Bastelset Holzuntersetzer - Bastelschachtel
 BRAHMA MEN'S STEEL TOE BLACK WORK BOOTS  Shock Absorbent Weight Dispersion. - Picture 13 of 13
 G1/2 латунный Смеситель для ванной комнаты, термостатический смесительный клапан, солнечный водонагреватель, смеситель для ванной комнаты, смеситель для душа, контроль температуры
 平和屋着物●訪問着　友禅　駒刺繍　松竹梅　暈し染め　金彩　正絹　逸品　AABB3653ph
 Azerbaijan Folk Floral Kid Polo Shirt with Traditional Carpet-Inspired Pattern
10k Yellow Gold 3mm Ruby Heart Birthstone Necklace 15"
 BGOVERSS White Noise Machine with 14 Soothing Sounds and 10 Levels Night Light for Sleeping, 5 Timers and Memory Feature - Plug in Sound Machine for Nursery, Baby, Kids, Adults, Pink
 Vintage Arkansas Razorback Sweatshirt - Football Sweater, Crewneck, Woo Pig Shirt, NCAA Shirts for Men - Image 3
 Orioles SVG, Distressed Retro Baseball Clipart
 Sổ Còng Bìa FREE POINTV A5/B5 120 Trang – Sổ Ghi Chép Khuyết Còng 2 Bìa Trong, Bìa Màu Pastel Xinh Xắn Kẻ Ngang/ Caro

━━━━━━━━━━━━━━━━━━━━

Copy from the line with "BRAHMA MEN'S STEEL" to the final line of the records, inclusive, and add nothing else.

• [Solution for this problem]:
 BRAHMA MEN'S STEEL TOE BLACK WORK BOOTS  Shock Absorbent Weight Dispersion. - Picture 13 of 13
 G1/2 латунный Смеситель для ванной комнаты, термостатический смесительный клапан, солнечный водонагреватель, смеситель для ванной комнаты, смеситель для душа, контроль температуры
 平和屋着物●訪問着　友禅　駒刺繍　松竹梅　暈し染め　金彩　正絹　逸品　AABB3653ph
 Azerbaijan Folk Floral Kid Polo Shirt with Traditional Carpet-Inspired Pattern
10k Yellow Gold 3mm Ruby Heart Birthstone Necklace 15"
 BGOVERSS White Noise Machine with 14 Soothing Sounds and 10 Levels Night Light for Sleeping, 5 Timers and Memory Feature - Plug in Sound Machine for Nursery, Baby, Kids, Adults, Pink
 Vintage Arkansas Razorback Sweatshirt - Football Sweater, Crewneck, Woo Pig Shirt, NCAA Shirts for Men - Image 3
 Orioles SVG, Distressed Retro Baseball Clipart
 Sổ Còng Bìa FREE POINTV A5/B5 120 Trang – Sổ Ghi Chép Khuyết Còng 2 Bìa Trong, Bìa Màu Pastel Xinh Xắn Kẻ Ngang/ Caro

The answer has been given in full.